Action item: A faithful copy of every entry is the goal; keep the images out of it.

Records:
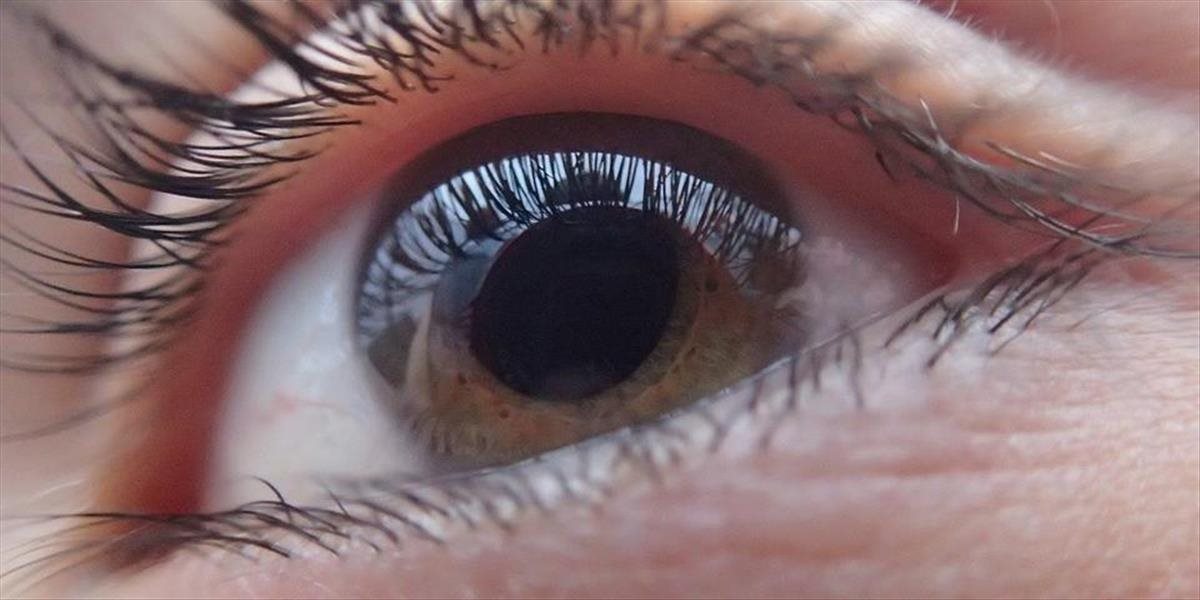 Oční lekári pacientom v roku 2021 najčastejšie diagnostikovali zelený zákal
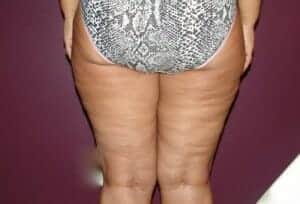 After Image: Liposuction - back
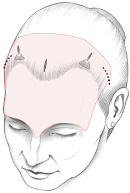 F8: Schematic representation of endoscopic browlift - pull vectors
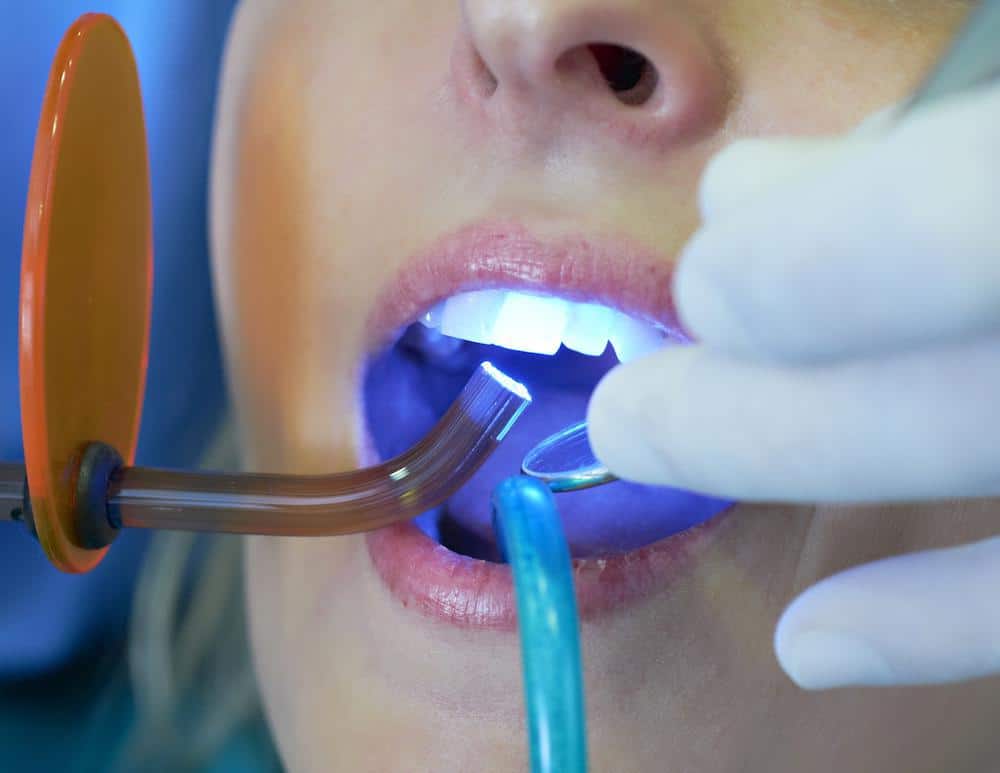 examination of patient's mouth using laser dentistry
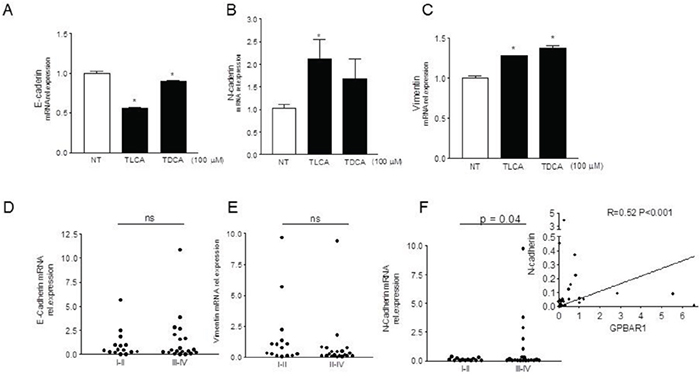 GPBAR1 agonists induce a EMT phenotype in MKN45 cells.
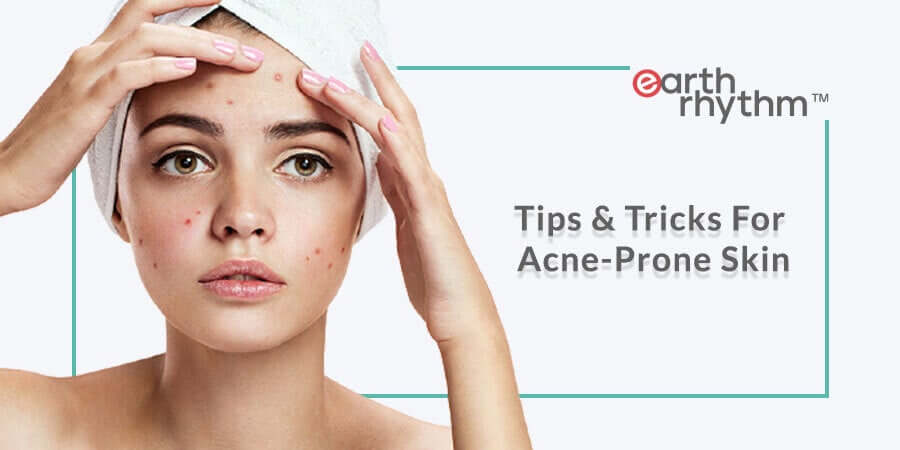 5 Best Tips For Acne-Prone Skin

Result for this exercise:
 Oční lekári pacientom v roku 2021 najčastejšie diagnostikovali zelený zákal
 After Image: Liposuction - back
 F8: Schematic representation of endoscopic browlift - pull vectors
 examination of patient's mouth using laser dentistry
 GPBAR1 agonists induce a EMT phenotype in MKN45 cells.
 5 Best Tips For Acne-Prone Skin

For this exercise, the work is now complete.